Até a quinta-feira 2, a variante havia sido registrada em 29 países, incluindo o Brasil. Boa parte dos infectados tinha sido imunizada, como os três indivíduos que estavam em isolamento em São Paulo. Isto não significa de maneira alguma que as vacinas sejam inócuas contra a cepa. Em primeiro lugar, sabe-se que elas não impedem a contaminação pelo vírus com total eficiência. O que as vacinas fazem, e muito bem, é impedir que o coronavírus provoque formas graves de Covid-19. Até onde se observou, os casos provocados pela nova variante ou eram assintomáticos ou apresentavam sintomas leves — atalho para otimismo.

CONTRA O RELÓGIO - Pesquisa: Oliveira coordena o time que detectou a cepa -
CONTRA O RELÓGIO - Pesquisa: Oliveira coordena o time que detectou a cepa – (Joao Silva/The New York Times/Fotoarena/.)

O que é necessário, isso sim, é ampliar a cobertura de vacinação, alcançando as regiões onde os índices de imunização estão ainda baixos. Atualmente, o alcance é muito desigual. Enquanto os demais continentes superam 60% da população com ao menos uma dose da vacina, a África tem 11%, dos quais apenas 7,3% estão completamente imunizados, segundo dados da Our World in Data. “É preciso ter equidade na distribuição das vacinas. Nada adianta vacinar 80% da população de Israel, chegar a 90% do Brasil e ter 10% em outros países”, diz o epidemiologista Pedro Hallal, da Universidade Federal de Pelotas e professor visitante da Universidade da Califórnia, nos Estados Unidos. “O enfrentamento precisa ser coletivo e não individualizado.” Do ponto de vista da vacinação, o Brasil está em uma situação confortável.
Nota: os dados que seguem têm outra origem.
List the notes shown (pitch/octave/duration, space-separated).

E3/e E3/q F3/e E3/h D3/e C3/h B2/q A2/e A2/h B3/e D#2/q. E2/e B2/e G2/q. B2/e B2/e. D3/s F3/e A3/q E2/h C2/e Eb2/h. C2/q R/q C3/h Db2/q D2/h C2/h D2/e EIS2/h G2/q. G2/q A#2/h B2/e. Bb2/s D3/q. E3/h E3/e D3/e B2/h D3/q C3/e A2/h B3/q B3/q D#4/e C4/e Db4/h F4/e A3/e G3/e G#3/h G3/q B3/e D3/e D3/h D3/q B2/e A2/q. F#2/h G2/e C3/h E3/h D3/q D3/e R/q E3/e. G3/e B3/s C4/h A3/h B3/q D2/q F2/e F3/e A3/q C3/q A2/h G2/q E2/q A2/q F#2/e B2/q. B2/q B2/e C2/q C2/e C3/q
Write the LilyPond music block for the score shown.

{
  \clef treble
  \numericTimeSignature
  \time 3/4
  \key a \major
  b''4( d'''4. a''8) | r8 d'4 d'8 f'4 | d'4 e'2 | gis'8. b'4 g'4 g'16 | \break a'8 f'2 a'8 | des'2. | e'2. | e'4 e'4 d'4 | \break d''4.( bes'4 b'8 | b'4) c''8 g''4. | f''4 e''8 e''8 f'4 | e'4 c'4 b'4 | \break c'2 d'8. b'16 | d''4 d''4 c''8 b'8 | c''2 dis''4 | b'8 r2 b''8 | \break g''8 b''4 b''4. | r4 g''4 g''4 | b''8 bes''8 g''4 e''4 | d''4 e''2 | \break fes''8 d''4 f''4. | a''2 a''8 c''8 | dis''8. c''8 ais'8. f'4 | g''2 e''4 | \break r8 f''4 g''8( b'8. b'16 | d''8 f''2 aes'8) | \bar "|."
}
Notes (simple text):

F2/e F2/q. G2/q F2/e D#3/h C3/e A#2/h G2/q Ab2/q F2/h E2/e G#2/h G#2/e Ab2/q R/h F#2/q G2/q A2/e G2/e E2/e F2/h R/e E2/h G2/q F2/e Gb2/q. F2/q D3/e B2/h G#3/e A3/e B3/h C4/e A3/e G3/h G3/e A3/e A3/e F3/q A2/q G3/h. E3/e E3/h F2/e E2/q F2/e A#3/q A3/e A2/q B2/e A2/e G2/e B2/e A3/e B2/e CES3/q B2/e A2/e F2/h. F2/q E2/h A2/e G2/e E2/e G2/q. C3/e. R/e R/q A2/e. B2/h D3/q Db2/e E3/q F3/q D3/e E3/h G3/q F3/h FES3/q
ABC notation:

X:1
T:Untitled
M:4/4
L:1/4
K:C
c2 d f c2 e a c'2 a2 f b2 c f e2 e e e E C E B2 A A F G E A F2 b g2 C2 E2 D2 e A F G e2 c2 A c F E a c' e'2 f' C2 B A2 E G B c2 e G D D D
O país tem a maior taxa de aceitação dos imunizantes entre as nações da América Latina e a campanha progride bem. No entanto, peca-se demais na falta de apoio à ciência, alimentada pelo governo de Jair Bolsonaro, o único meio capaz de prover as informações necessárias para o combate do vírus. Na área de sequenciamento genético, por exemplo, parte do sucesso é fruto de empenho pessoal. Quando a Covid-19 apareceu, o time da professora Ester Sabino, da Faculdade de Medicina da USP, decifrou o genoma do vírus em 48 horas. Um belíssimo feito, espelho da qualidade dos cientistas. Em 2021, no Brasil foram realizados mais de 40 000 sequenciamentos. Poderíamos, contudo, ter feito mais. “O problema é a falta de recursos”, lamenta a pesquisadora. Já passou da hora de o país entender que, sem ciência, não há futuro — com ou sem pandemia.